Taking the data below, please print only the lines from the line holding "Tailor clothes positioning" to the line holding "MÓDULO AIRBAG NISSAN", inclusive, with pictures omitted.

GIVEN DATA:
[Start of section]
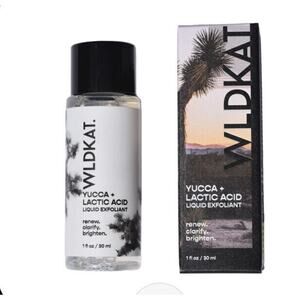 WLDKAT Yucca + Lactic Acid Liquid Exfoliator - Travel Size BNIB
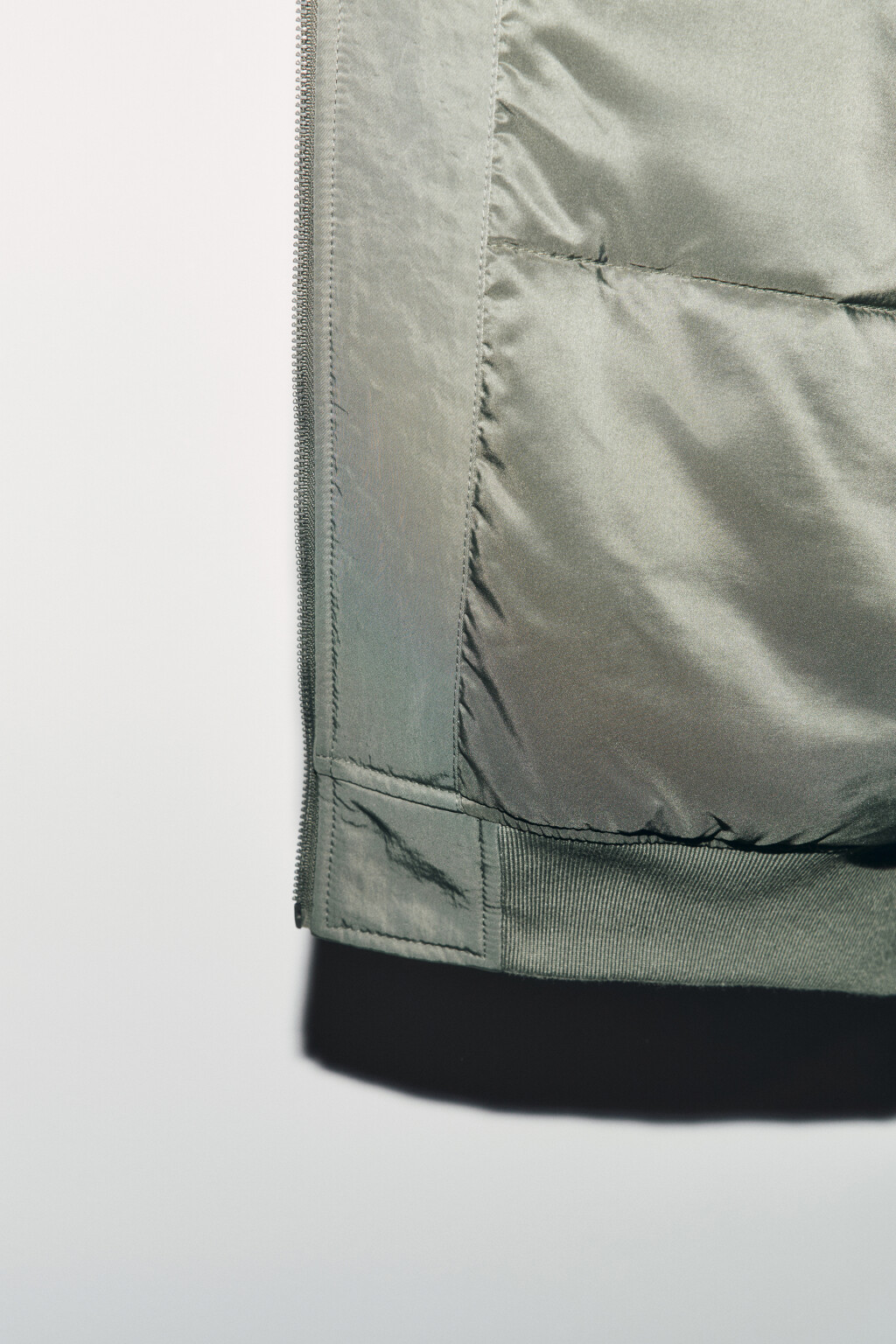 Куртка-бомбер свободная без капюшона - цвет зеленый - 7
[End of section]
[Start of section]
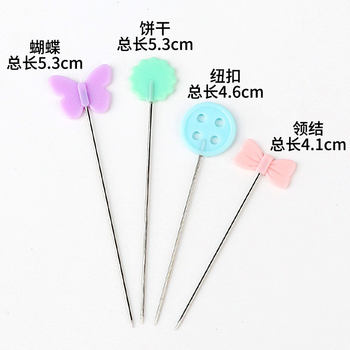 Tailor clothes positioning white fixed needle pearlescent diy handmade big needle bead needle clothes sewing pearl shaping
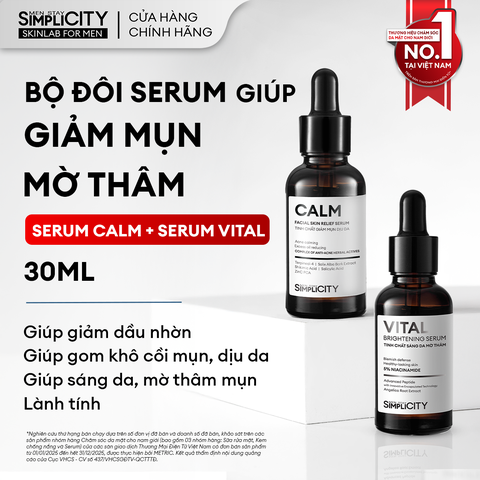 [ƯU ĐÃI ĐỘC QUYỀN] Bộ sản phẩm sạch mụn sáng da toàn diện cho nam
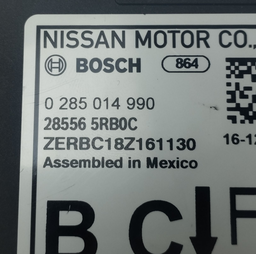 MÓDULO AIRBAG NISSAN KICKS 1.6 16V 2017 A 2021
[End of section]
[Start of section]
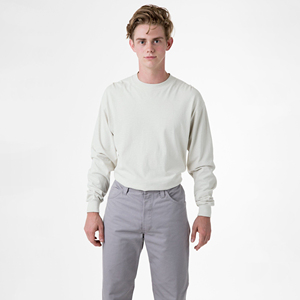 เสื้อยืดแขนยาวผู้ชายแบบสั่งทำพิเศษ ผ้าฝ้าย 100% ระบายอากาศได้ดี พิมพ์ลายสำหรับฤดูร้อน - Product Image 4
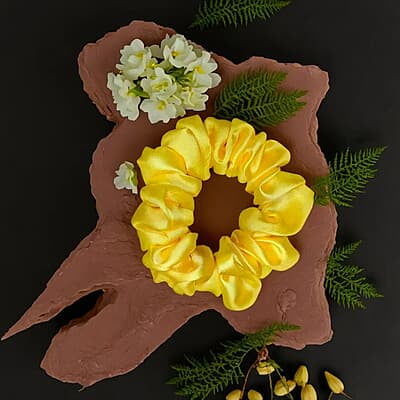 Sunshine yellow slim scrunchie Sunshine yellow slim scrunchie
[End of section]
EXERCISE RESULT:
 Tailor clothes positioning white fixed needle pearlescent diy handmade big needle bead needle clothes sewing pearl shaping
 [ƯU ĐÃI ĐỘC QUYỀN] Bộ sản phẩm sạch mụn sáng da toàn diện cho nam
 MÓDULO AIRBAG NISSAN KICKS 1.6 16V 2017 A 2021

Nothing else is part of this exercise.